Buna göre suça teşebbüs, işlenmesi kast olunan bir suçun icrasına elverişli araçlarla başlanmasından sonra, elde olmayan nedenlerle suçun tamamlanamamasıdır. Maddenin açık hükmüne göre, icra hareketlerinin yarıda kalması ya da sonucun meydana gelmemesi failin iradesi dışındaki engel nedenlerden ileri gelmelidir.
5237 sayılı TCK’nın teşebbüsü düzenleyen 35. maddesinde; 765 sayılı TCK’nın aksine teşebbüs halinde cezanın belirlenmesi ile ilgili olarak eksik teşebbüs – tam teşebbüs ayrımına yer verilmemiş, adil ve eşit bir cezalandırma bakımından teşebbüs hareketinin meydana getirdiği zarar veya tehlikenin ağırlığının esas alınması öngörülmüştür.
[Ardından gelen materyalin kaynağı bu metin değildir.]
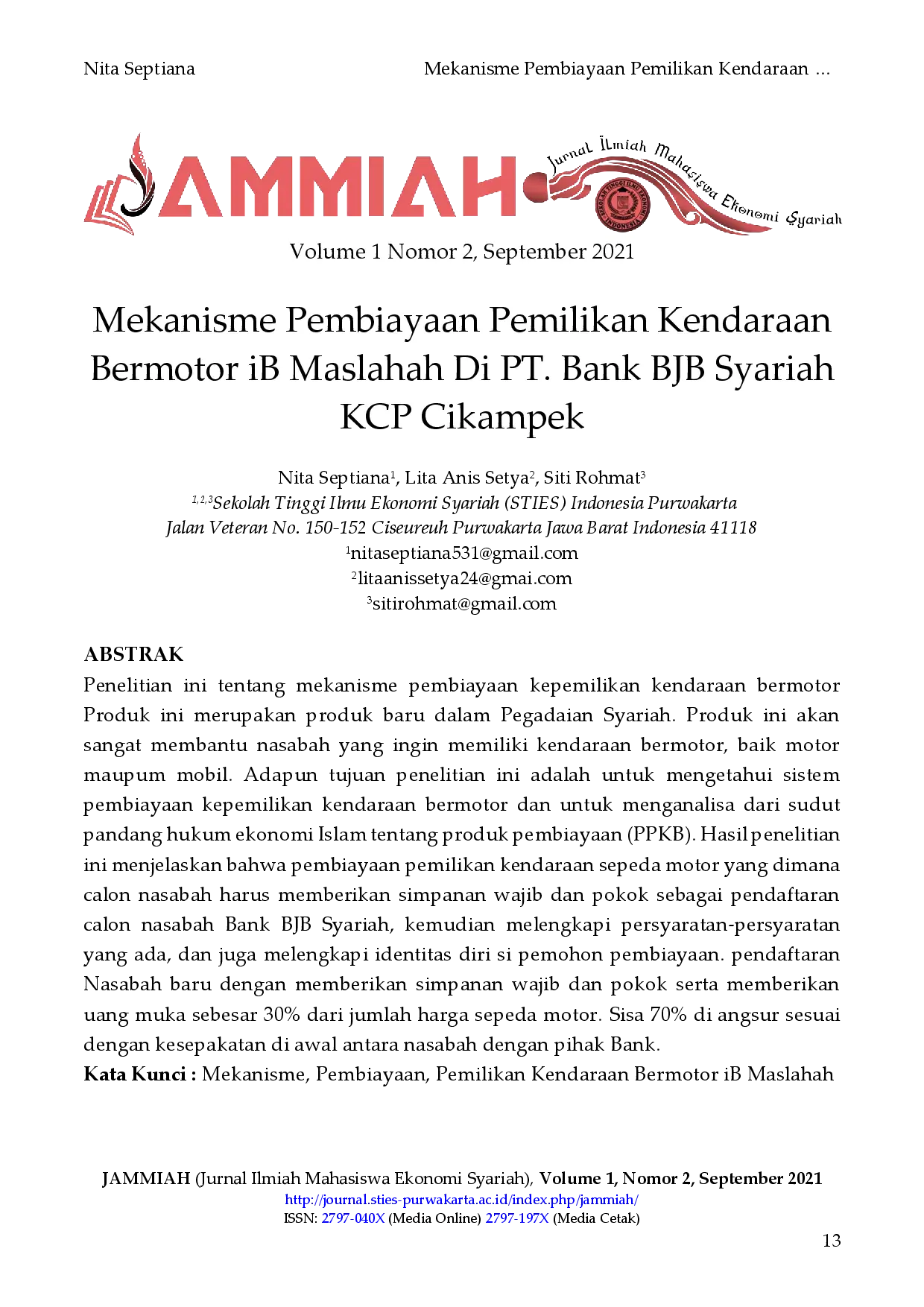 juris Mekanisme Pembiayaan Pemilikan Kendaraan Bermotor iB Maslahah Di PT Bank BJB Syariah KCP Cikampek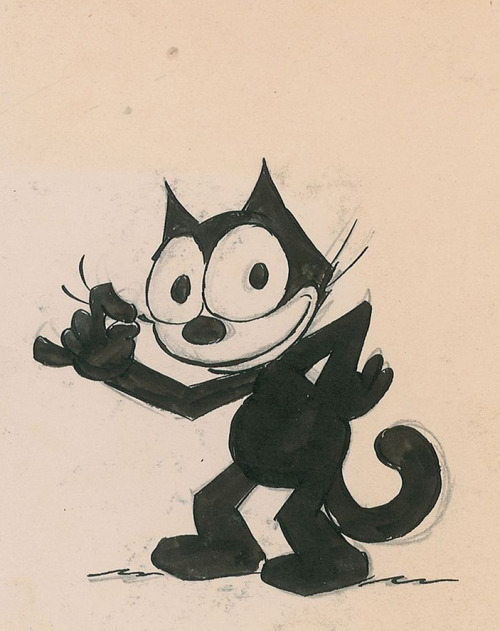 Felix the Cat, drawn by Pat Sullivan, launched in 1924. Felix was the first animated comic superstar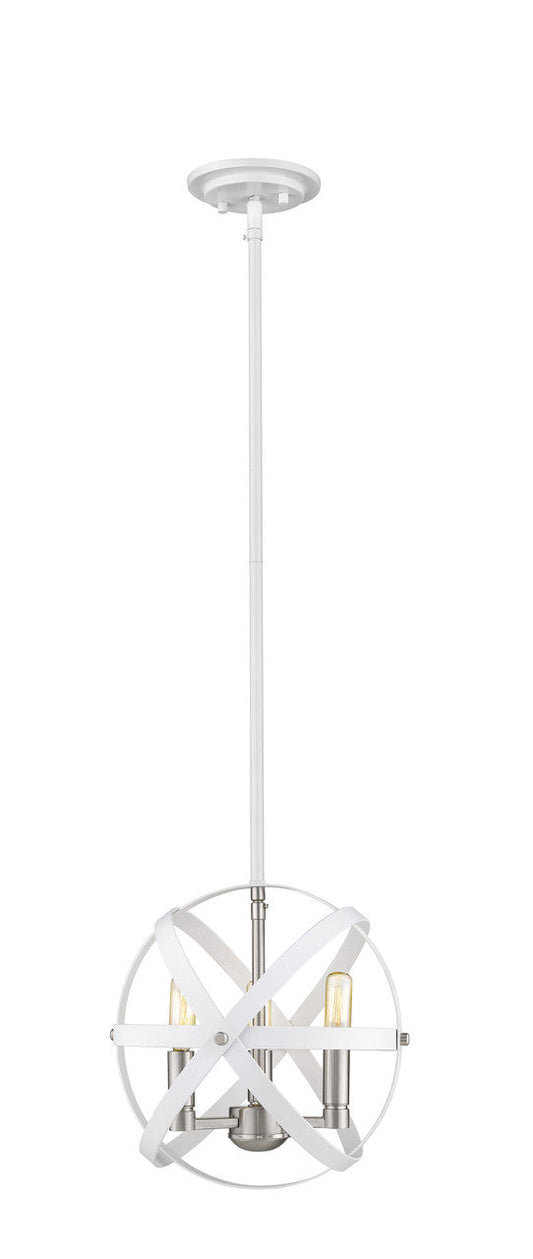 Z-Lite Cavallo Chandelier in Hammered White + Brushed Nickel 463-12HWH-BN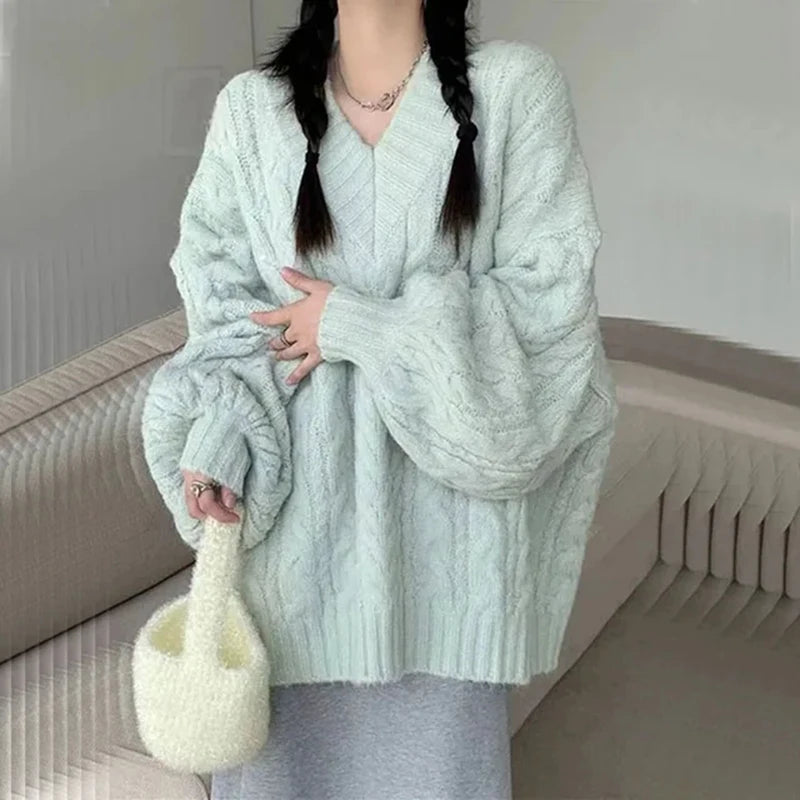 Suéter Oversize Mujer Tejido | Jersey de Punto V-Cuello Harajuku Coreano Otoño Invierno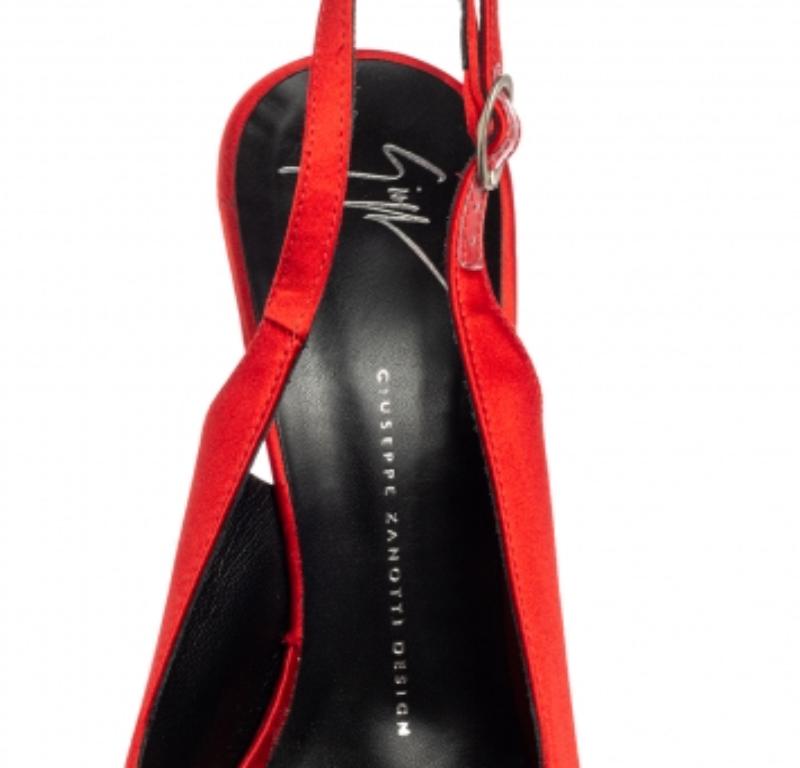 Giuseppe Zanotti Red Satin  Peep Toe Slingback Pumps Size 41 For Sale 1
Öte yandan, suça teşebbüsle ilgili değerlendirme yapılabilmesi, failin hangi suçu işlemeyi kastettiğinin belirlenmesini gerektirir ki buna subjektif unsur denir. Failin gerçekleştirdiği davranış ile bir suçu işlemeye teşebbüs edip etmediğini, eğer etmişse hangi suça teşebbüs ettiğini belirleyebilmek için öncelikle kastın varlığının belirlenmesi gerekmektedir. Başka bir deyişle, tıpkı tamamlanmış suçta olduğu gibi, teşebbüs aşamasında kalan suçta da, işlenmek istenen suç tipindeki bütün unsurlar failce bilinmelidir (Suç Teorisi, Kayıhan İçel, Füsun Sokullu-Akıncı, İzzet Özgenç, Adem Sözüer, Fatih S. Mahmutoğlu, Yener Ünver 2. Kitap, 2. Baskı, İstanbul, 2000, s. 315).
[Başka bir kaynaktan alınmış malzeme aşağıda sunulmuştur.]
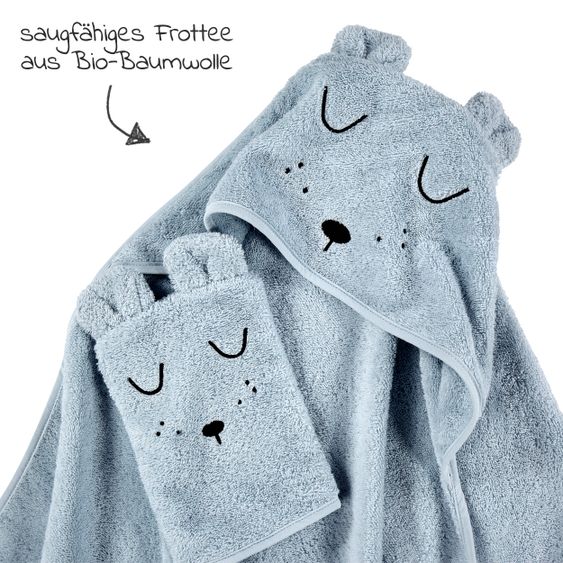 Alvi Bade-Set Organic Cotton - Kapuzenbadetuch + Waschhandschuh - Faces - Blau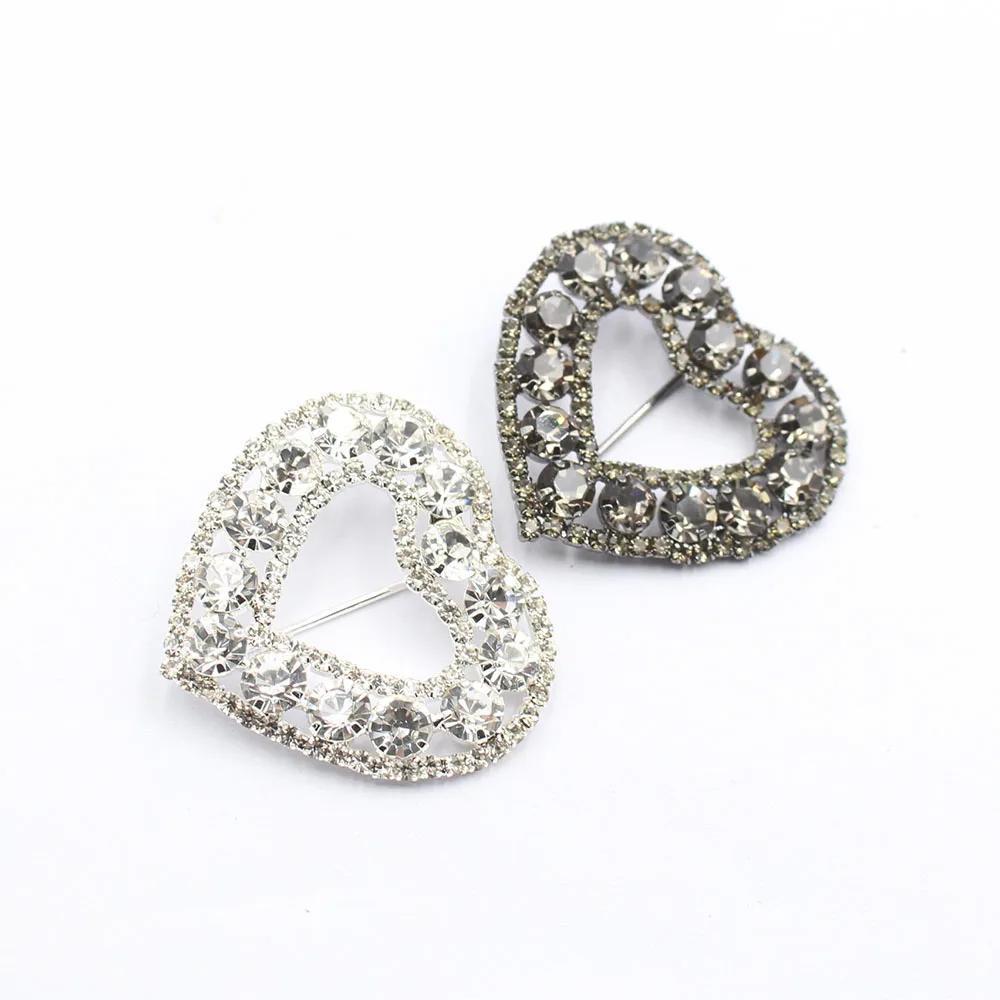 Versatile 2 pieces/batch 35 * 40MM sparkling peach heart rhinestone buckle crystal decoration wedding scarf and shoe belt buckle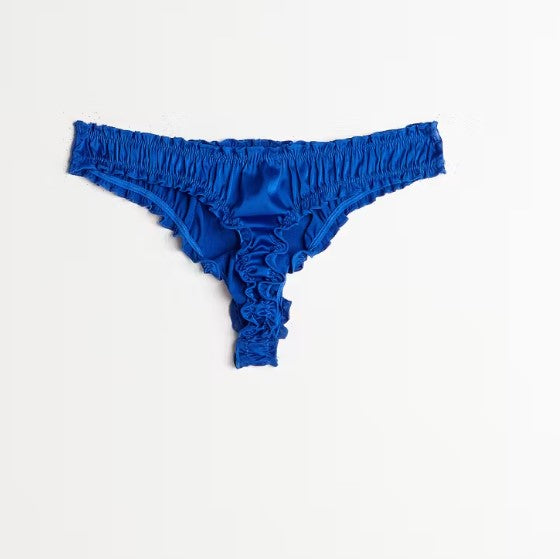 Eva satin string - Parisian Blue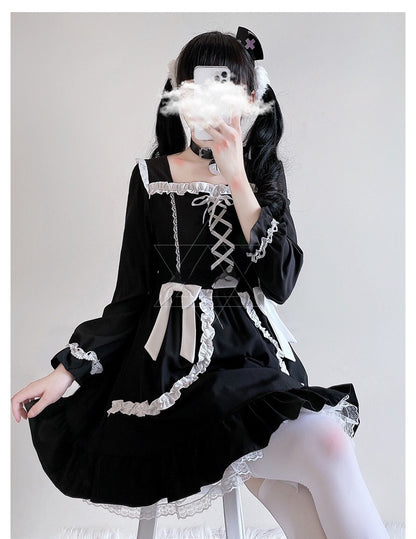 Kawaii Fashion Goth Dress Whimsical Woodland Collage Dress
Bu husus, YCGK’nın 765 sayılı TCK’nın yürürlükte olduğu dönemde verilmiş olup kabul edilen ilkeler açısından 5237 sayılı TCK’nın teşebbüse ilişkin 35. maddesi yönüyle de varlığını devam ettiren 04.06.1990 tarihli ve 101-156 sayılı kararında da; “Teşebbüste aranan kast, icrasına başlanmış cürmü teşebbüs aşamasında bırakma kastı olmayıp, söz konusu suçu tamamlamaya yönelmiş kasttır.” şeklinde açıklanmıştır.
Kasten yaralama suçu ile kasten öldürme suçuna teşebbüs arasındaki ayırıcı kriter manevi unsurun farklılığına dayandığından, sanığın kastının öldürmeye mi, yoksa yaralamaya mı yönelik olduğunun çözülmesi gerekmektedir.
TCK’nın 21/1. maddesine göre, suçun kanuni tanımındaki unsurlarının bilerek ve istenerek gerçekleştirilmesi olan ve failin iç dünyasını ilgilendiren kast, dış dünyaya yansıyan davranışlara bakılarak, daha açık bir ifadeyle, failin olay öncesi, olay sırası ve olay sonrası davranışları ölçü alınarak belirlenmelidir.
İlkeleri, YCGK’nın istikrar bulunan ve süregelen kararlarında açıklandığı üzere, bir eylemin kasten öldürmeye teşebbüsü oluşturup oluşturmayacağının belirlenmesinde; fail ile mağdur arasında husumet bulunup bulunmadığı, varsa husumetin nedeni ve derecesi, failin suçta kullandığı saldırı aletinin niteliği, darbe sayısı ve şiddeti, mağdurun vücudunda yara meydana gelmiş ise bu yaraların yerleri, nitelik ve nicelikleri, hedef seçme imkânı olup olmadığı, failin fiiline kendiliğinden mi, yoksa engel bir nedenden dolayı mı son verdiği gibi ölçütler esas alınmalıdır.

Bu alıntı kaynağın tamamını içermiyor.